Now it’s been a year and there have been some significant milestones: Myspace continued its reemergence at SXSW this past spring with a slew of secret concerts featuring impressive headliners, officially opened it’s doors in June, and launched its iPhone and Android apps.
Some of my initial enthusiasm toward the site has waned, but I continue to get alerts notifying me that users are connecting to me, suggesting that people are indeed using it.
Well today Myspace is releasing some hard numbers supporting this hunch: Myspace now has 36 million users. Just after the official launch, the platform saw a jump up to 31 million users and has kept on a steady pace since then.
The people driving this growth, according to Myspace, are “millenials and artists.”
“70 percent of the Myspace community is 35 or younger … the number of artists on Myspace has increased 340 percent since the relaunched, fuelled in part by artists including Pharrell Williams, El-P and Killer Mike (aka Run The Jewels), and CHARLI XCX.”

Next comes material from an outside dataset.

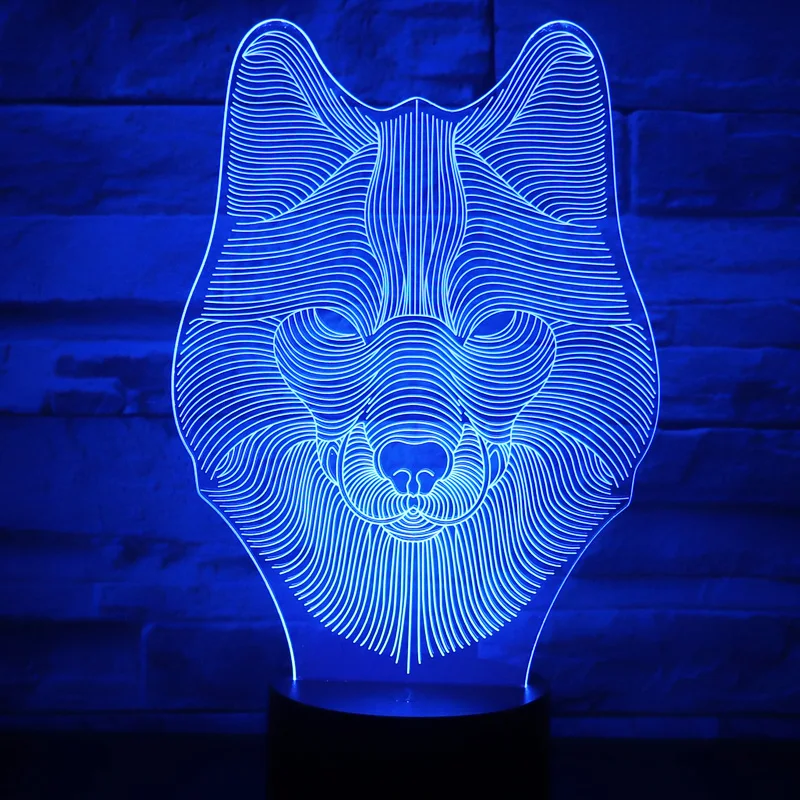 

3D LED Night Light Wolf Head with 7 Colors Light for Home Decoration Lamp Amazing Visualization Optical Illusion Awesome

Musicians are dominating – no surprise there – but Myspace also notes that the visual aspect has drawn photographers and designers, “who comprise the second-most popular [type] of artist on the site.”
It’s impressive growth to be sure, and the momentum is working in Myspace’s favor. If there’s any criticism to be raised, it’s that a network of creators isn’t always sustainable. You need the symbiotic relationship between makers and consumers; Facebook’s success isn’t built on the backs of users who create things and host them there, it’s far more parasitic than that. We, the users, go out and find the things that other people are making and curate them there via Facebook Share or Exchange, or even just manual link-bearing status updates.
Of course, Myspace is not Facebook; it’s singularly focused on music (and art) discovery and streaming, so a direct comparison isn’t fair. Still, there must be some concern that an platform filled with artists needs pure listeners, too, and that demographic isn’t growing as quickly.
Spotify has, of late, tip-toed into including social elements in its streaming client – though there are far more restrictions to its setup than Myspace’s. Regardless, these two applications arguably have the most in common and compete for users. Spotify’s a tough opponent to take on, but Myspace continues to make a case for itself, and its relationships with up-and-coming artists certainly puts Spotify’s to shame.
We are a society of consumers, but there’s something to be said for unabashedly supporting creators. Now you just have to hope these artists get the listeners they so badly want.